A multi-trillion dollar tax and spending package has been advanced by House Republicans just last Thursday and it could have significant implications on the finances of millions of households.
The “One Big Beautiful Bill” Act, if enacted, could bring about new provisions aimed at significantly overhauling student borrowing, health savings accounts, and car ownership — in addition to making permanent the tax cuts Donald Trump had in place in 2017 during his first term in office.

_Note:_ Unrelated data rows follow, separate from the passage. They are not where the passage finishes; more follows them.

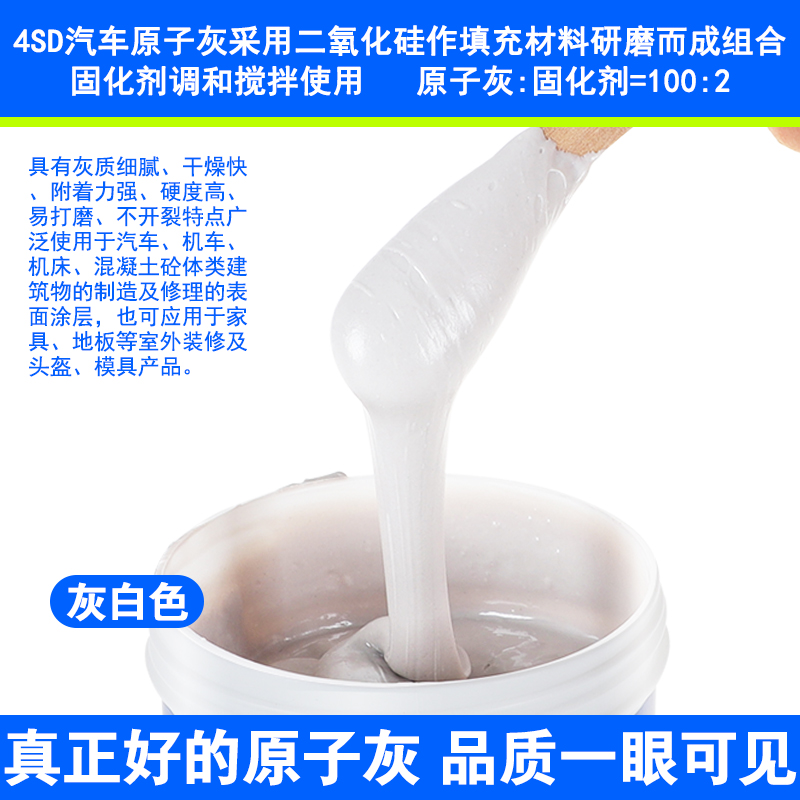 油性原子灰汽车木器模型家具快干腻子膏补土金属钣金灰固化剂大桶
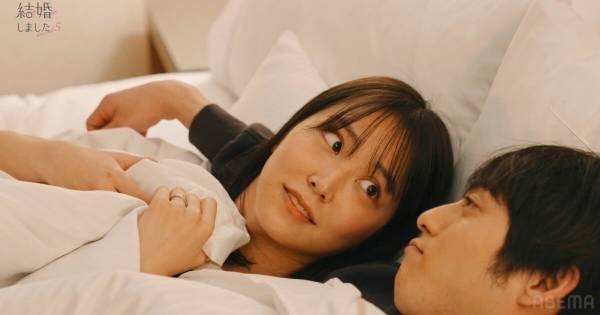 白間美瑠&永田崇人、“結婚生活”初夜から大胆行動で急接近　三浦翔平「ニヤニヤしちゃう」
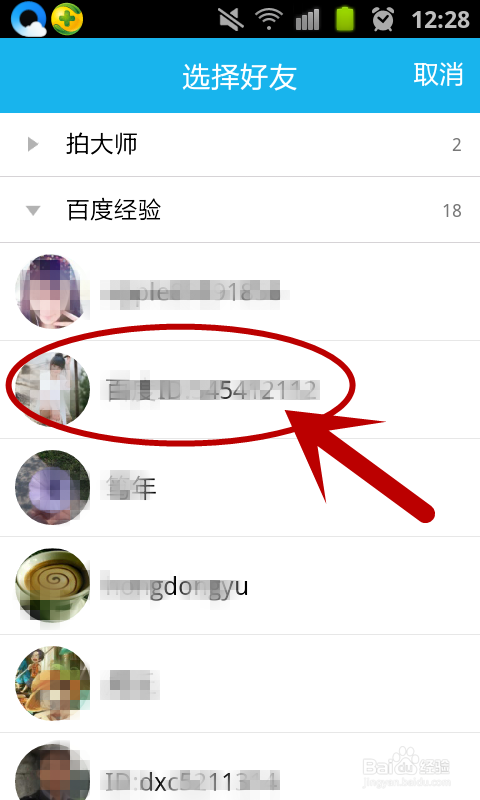 QQ怎样设置特别关心的好友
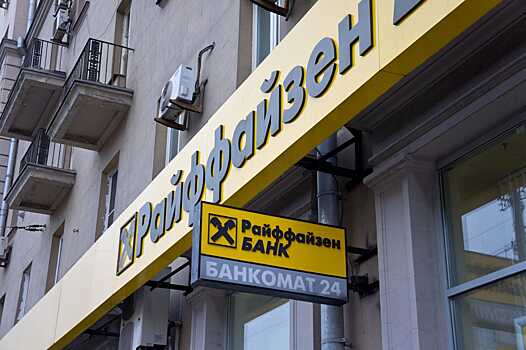 Россияне понесли деньги в банки с иностранным капиталом: где самые выгодные условия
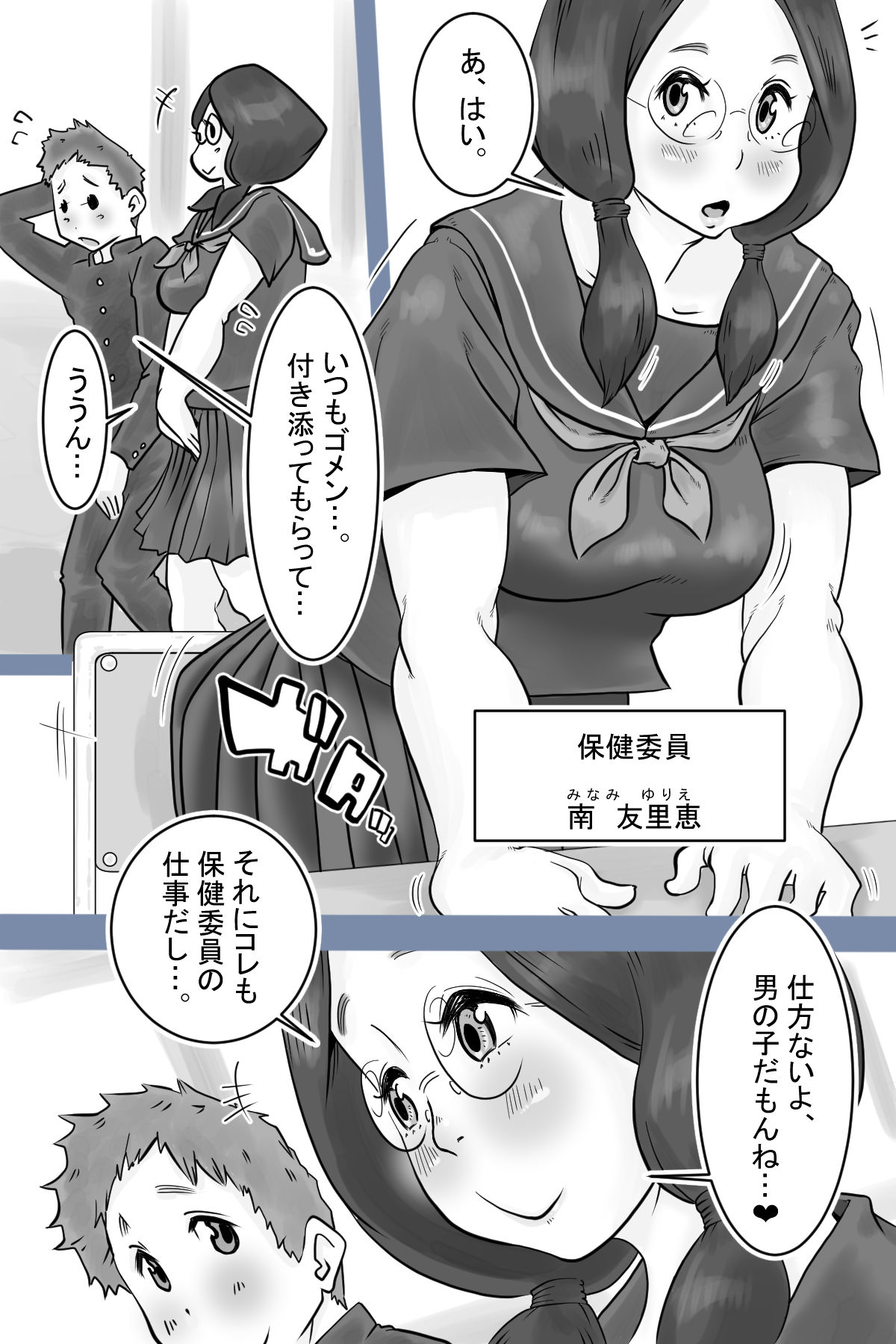 サンプル画像2:保健委員南ちゃんの吐精日誌(デルタ▼スタジオ) [d_190853]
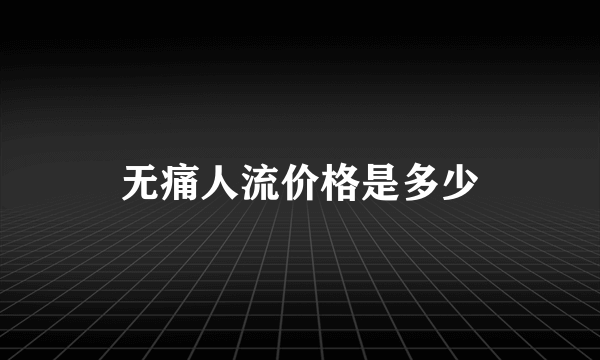 无痛人流价格是多少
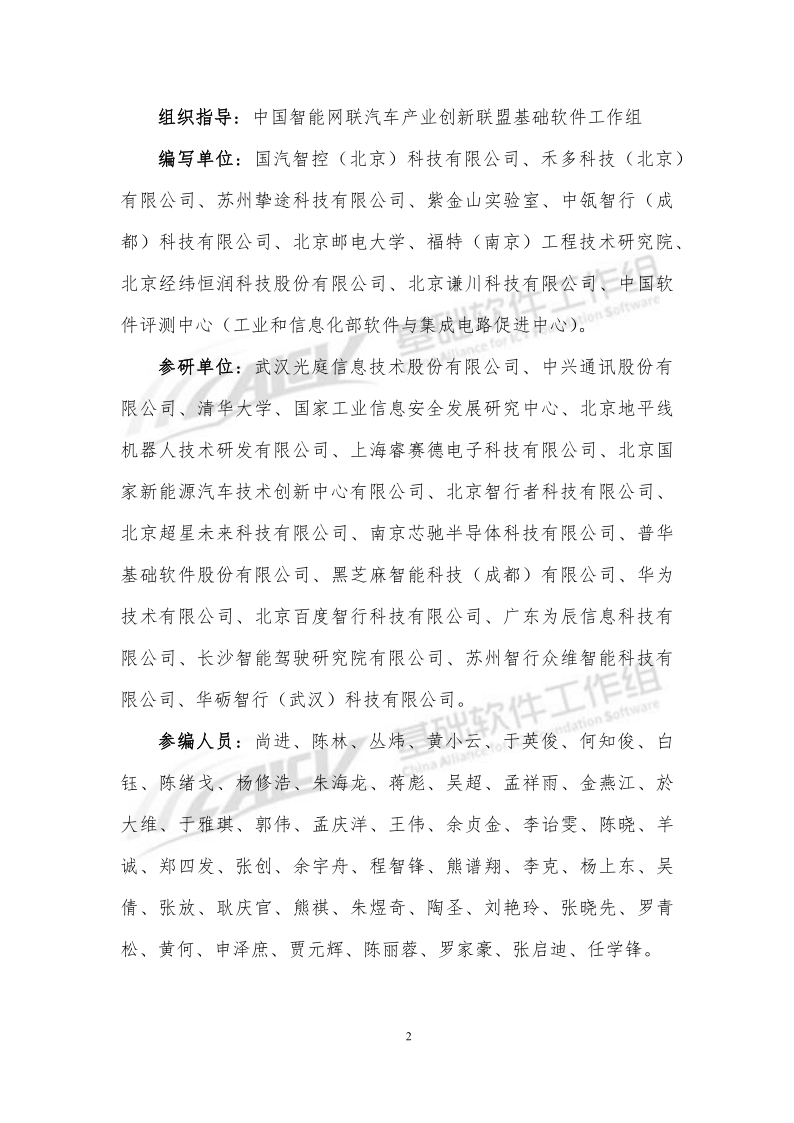 车载智能计算基础平台SOA软件架构白皮书CAICV_5.png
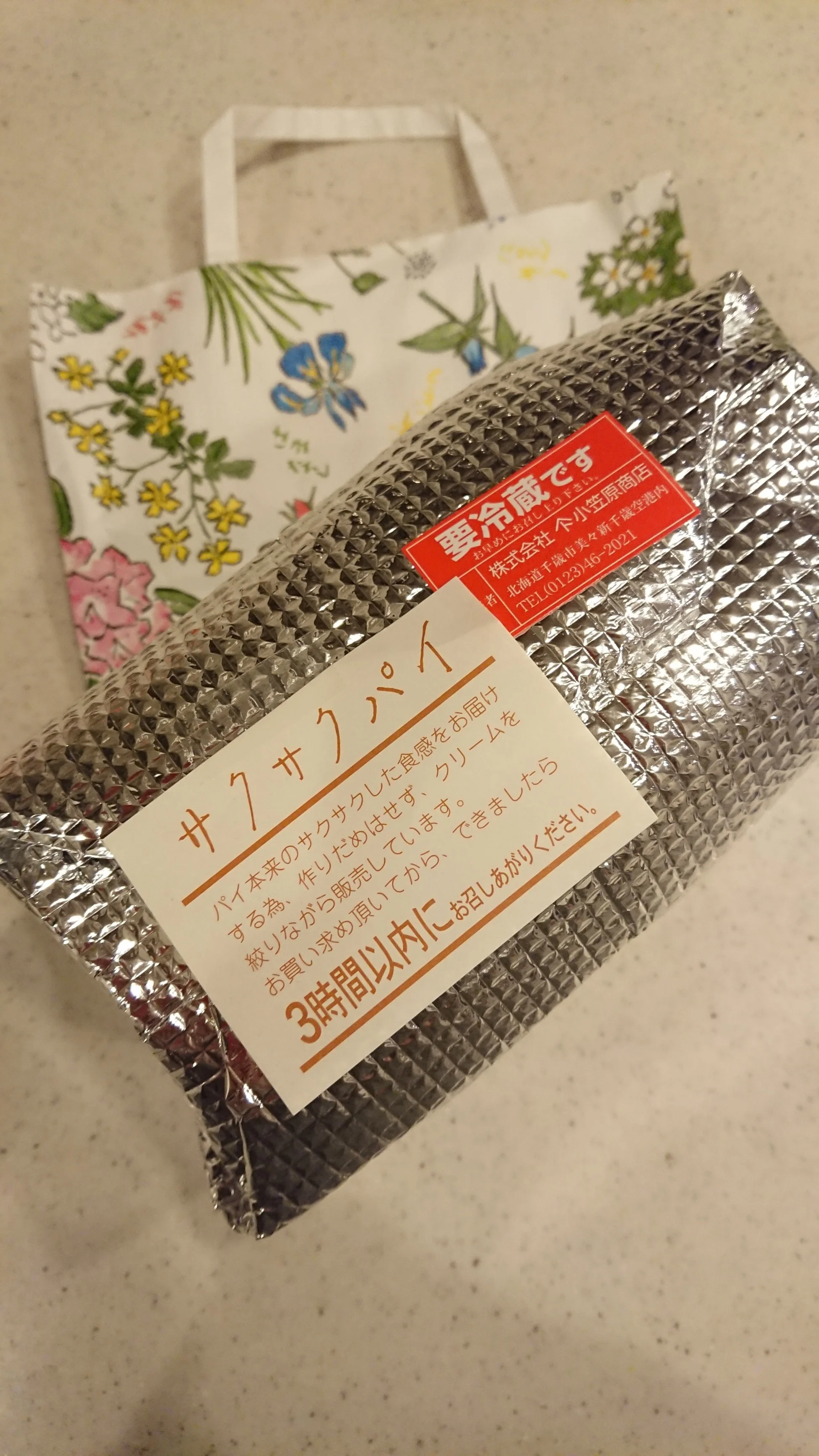 出張先で見つけた、オススメお土産！～新千歳空港②～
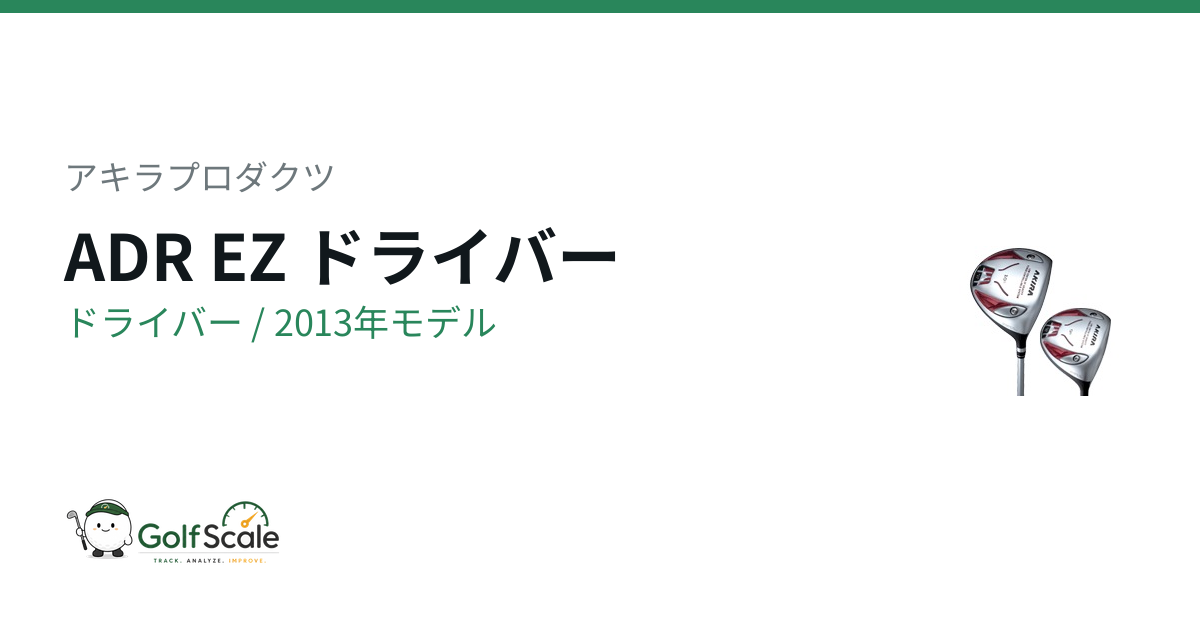 アキラプロダクツ ADR EZ ドライバー｜スペック・価格 | ゴルフスケール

By using “budget reconciliation”, the Republicans, with control of Congress, will be able to pass the package as it merely needs a straightforward majority in the Senate. The bill of over 1,000 pages, however, is more than likely to see some changes in the upper chambers before it is signed into law by the president.
Here is what to know about how these new provisions could affect your finances.
The “One Big Beautiful Bill” Act
“SALT” deduction limit
“SALT” is a $10,000 limit on state and local taxes enacted by the Tax Cuts and Jobs Act since 2017. Under the new bill, the SALT cap would be raised to $40,000 in 2025 meaning tax breaks for those earning over $500,000 would be phased out. The SALT limit and the income phaseout would both be increased by 1% starting in 2026 and ending in 2033.
Taxpayers in the 37% income tax bracket will also see a reduction in itemized deductions under the bill. As a result, the higher SALT cap benefits could be limited.
In an analysis, Garrett Watson, director of policy analysis at the Tax Foundation wrote, “Any changes to lift the cap would primarily benefit higher earners.”
Bigger child tax credit
Child tax credit had been temporarily boosted from $1,000 to $2,000 as part of Trump’s 2017 tax cuts. This is set to expire in 2025 if Congress takes no action. Under the new bill, however, the $2,000 credit would be made permanent and the cap would be raised to $2,500 from 2025 till 2028.
Unfortunately, this does “nothing for the 17 million children that are left out of the current $2,000 credit,” Kris Cox, director of federal tax policy with the Center on Budget and Policy Priorities’ federal fiscal policy division, previously shared with CNBC.
Medicaid and SNAP cuts
Approximately $1 trillion in cuts to Medicaid health coverage and the Supplemental Nutrition Assistance Program (SNAP) has been included in the bill by House Republicans to help pay for tax relief.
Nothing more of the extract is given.